A supplementary character is represented as two UTF-16 code units or one UTF-32 code unit. In UTF-8, a non-supplementary character is represented by 1 to 3 bytes and a supplementary character is represented by 4 bytes. In UTF-16, a non-supplementary character is represented by one CODEUNIT16 code unit or 2 bytes, and a supplementary character is represented by two CODEUNIT16 code units or 4 bytes. In UTF-32, a character is represented by one CODEUNIT32 code unit or 4 bytes. Thus, CODEUNITS16 and CODEUNITS32 return different answers when the data contains supplementary characters.
Example 1: The following table shows the hexadecimal values
for the mathematical bold capital A and the Latin capital letter A.
The mathematical bold capital A is a supplementary character that
is represented by 4 bytes in UTF-8, UTF-16, and UTF-32.
Character | UTF-8 representation | UTF-16 representation | UTF-32 representation |
---|---|---|---|
Unicode value \u1D400 - 'A' MATHEMATICAL BOLD CAPITAL A |
X'F09D9080' | X'D835DC00' | X'0001D400' |
Unicode value \u0041 - 'A' LATIN CAPITAL LETTER A |
X'41' | X'0041' | X'00000041' |
Assume that C1 is a VARCHAR(128) column, encoded in Unicode UTF-8,
and that table T1 contains one row with the value of the mathematical
bold capital A (X'F09D9080').
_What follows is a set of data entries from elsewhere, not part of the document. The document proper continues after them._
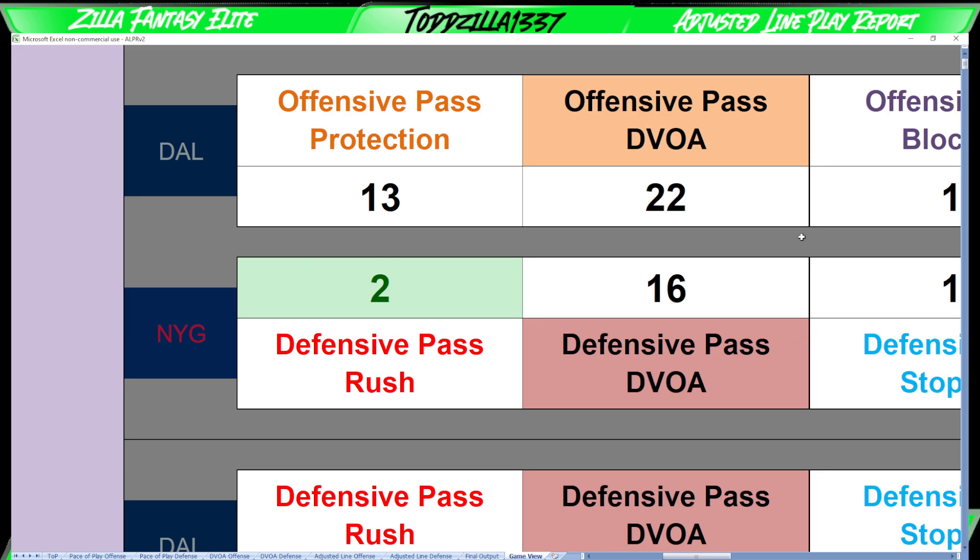Looking at offensive line versus defensive line pass DVOA: slightly in favor of the Giants at 16, middle of the pack. Dallas a little below average at 22. This tells me Dallas isn't going to be very efficient on a play-by-play basis with their pass plays — really looking at low EPA situations. So again, probably getting the ball to Ferguson and CeeDee Lamb on shorter routes, with running backs maybe picking up a few additional targets from Dak.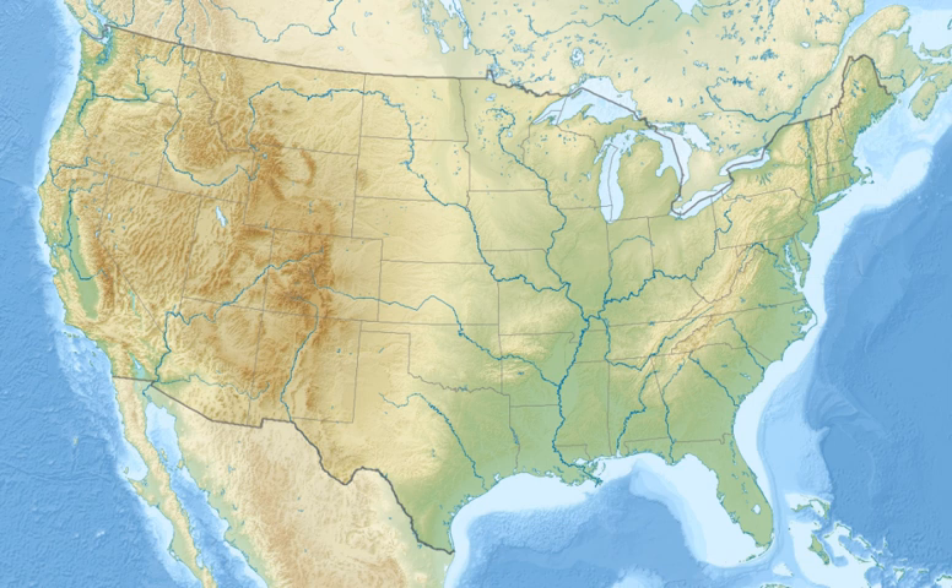Upper Washita National Wildlife Refuge was established in 1978 and is located in Union and Morehouse Parishes in northern Louisiana.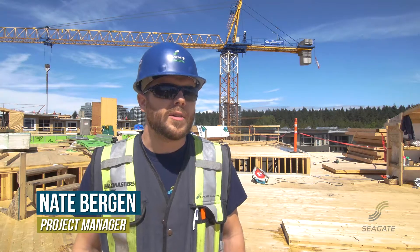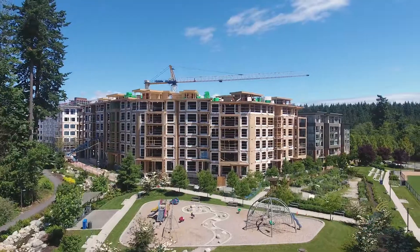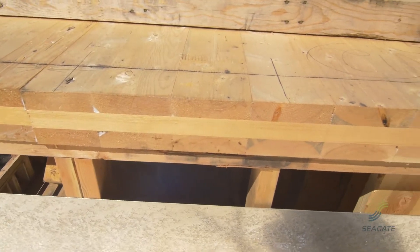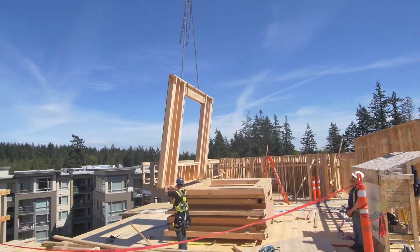Hi, I'm Nate Bergen, project manager for Seagate Structures, and we are standing here at UBC Properties on the site of Virtuoso. This project is a unique project for us — as far as I know, it is the first of its kind, combining CLT floors with conventional stick frame construction.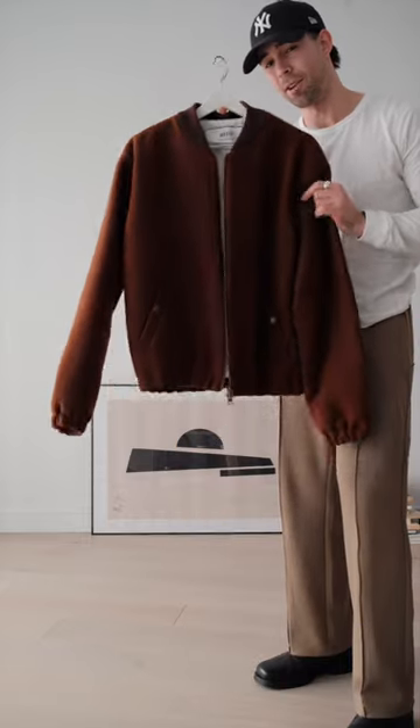And for outside, the jacket you've seen a lot recently. This is from Emmy Paris in this beautiful brown. And that's tonight's outfit.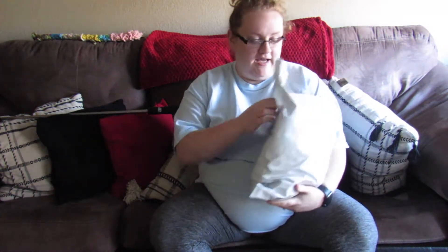Hey YouTube, welcome back to my channel. Today I'm going to be doing a Pink Blush haul. I got a package in the mail and I wanted to do an unboxing with you guys, and there will be a try-on portion of the video.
The following similar queries
return different answers:
-- Query: -- Returns the value:
SELECT CHARACTER_LENGTH(C1,CODEUNITS32) FROM T1; -- 1
SELECT CHARACTER_LENGTH(C1,CODEUNITS16) FROM T1; -- 2
SELECT CHARACTER_LENGTH(C1,OCTETS) FROM T1; -- 4
Example 2: Assume that C1 is a VARCHAR(128) column, encoded
in Unicode UTF-8, and that table T1 contains one row with the value
of the mathematical bold capital A (X'F09D9080'). The following
similar queries return different answers.
-- Query: -- Returns the value:
SELECT HEX(SUBSTRING(C1,1,1,CODEUNITS32)) FROM T1; -- X'F09D9080'
SELECT HEX(SUBSTRING(C1,1,1,CODEUNITS16)) FROM T1; -- X'20'
SELECT HEX(SUBSTRING(C1,1,2,CODEUNITS16)) FROM T1; -- X'F09D9080'
SELECT HEX(SUBSTRING(C1,1,1,OCTETS)) FROM T1; -- X'20'
SELECT HEX(SUBSTR(C1,1,1)) FROM T1; -- X'F0'
The
value X'20' is the pad (blank) character.